# Turn images on/off for Internet Explorer



## bellgamin (Apr 6, 2001)

Microsoft has a neat little (136K) program that lets you turn images off & on in Internet Explorer 5. I use it when surfing news. It speeds things up just about as good ad an ad-killer program.

To get it, go...
http://www.microsoft.com/Windows/IE/WebAccess/default.asp

Scroll down to "Web Accessories from Microsoft". The "IE 5 Web Accessories" has a feature where you can toggle images off and on.


----------



## Sharon D (Feb 16, 2001)

bellgamin, the toggle images is pretty handy isn't?

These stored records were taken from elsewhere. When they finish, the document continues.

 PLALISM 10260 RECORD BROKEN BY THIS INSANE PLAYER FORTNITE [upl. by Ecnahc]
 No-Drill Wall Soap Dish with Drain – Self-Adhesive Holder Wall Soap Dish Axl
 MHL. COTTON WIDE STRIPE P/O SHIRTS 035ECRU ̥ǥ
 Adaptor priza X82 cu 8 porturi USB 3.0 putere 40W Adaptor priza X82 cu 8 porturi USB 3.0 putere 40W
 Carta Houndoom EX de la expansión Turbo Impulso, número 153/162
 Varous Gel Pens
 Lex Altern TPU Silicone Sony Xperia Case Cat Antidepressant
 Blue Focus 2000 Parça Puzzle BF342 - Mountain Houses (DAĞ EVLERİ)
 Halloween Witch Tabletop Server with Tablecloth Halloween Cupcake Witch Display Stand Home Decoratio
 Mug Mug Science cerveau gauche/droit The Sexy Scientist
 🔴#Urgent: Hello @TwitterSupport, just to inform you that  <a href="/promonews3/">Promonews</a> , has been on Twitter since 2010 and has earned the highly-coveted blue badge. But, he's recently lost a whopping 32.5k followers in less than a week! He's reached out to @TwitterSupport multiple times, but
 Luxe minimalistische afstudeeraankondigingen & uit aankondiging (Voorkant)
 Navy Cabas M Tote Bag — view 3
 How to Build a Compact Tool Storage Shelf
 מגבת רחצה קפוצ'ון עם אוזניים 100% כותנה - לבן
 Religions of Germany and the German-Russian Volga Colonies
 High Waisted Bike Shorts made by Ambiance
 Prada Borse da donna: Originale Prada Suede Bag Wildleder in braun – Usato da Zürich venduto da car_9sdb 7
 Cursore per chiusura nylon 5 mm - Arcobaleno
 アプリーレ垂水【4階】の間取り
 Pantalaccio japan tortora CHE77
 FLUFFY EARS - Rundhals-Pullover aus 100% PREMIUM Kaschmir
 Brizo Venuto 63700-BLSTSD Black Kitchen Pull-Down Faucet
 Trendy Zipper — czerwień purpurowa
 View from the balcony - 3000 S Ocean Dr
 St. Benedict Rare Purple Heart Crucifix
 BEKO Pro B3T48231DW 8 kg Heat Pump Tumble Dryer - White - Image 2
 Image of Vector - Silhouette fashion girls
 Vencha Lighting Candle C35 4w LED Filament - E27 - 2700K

It's my favorite feature.  sharon


----------



## bellgamin (Apr 6, 2001)

Yeth, Sharon, it thoitenly is! I found this sweet little hummer because of you. Do you know of any other lovely jewels out there?

Kisses,
Bellgamin
==============
Definition:
eunuch (noun) - a man who has had his works cut out for him


----------



## Sharon D (Feb 16, 2001)

Good weekend to you bellgamin! I'll check through my favorite downloads this weekend and get back to you. All of mine are guaranteed to be spyware-free!  What OS are you running. I have ME and, boy!, talk about picky when it comes to software! Talk to you soon.  sharon 
Oh! BTW I checked out your website and you've done a wonderful job on it. Lots of hard work, eh?


----------



## bellgamin (Apr 6, 2001)

My OS is Win95, for the same reason that I still use Vicks Vap-O-Rub when I have a cold.

Thanks for visiting my humble website, & for thy words of kindness.

I look forward to any "must-haves" you may discover among your downloads.

Regards,
Bell
=======
Always look out for #1 & be careful not to step in #2.


----------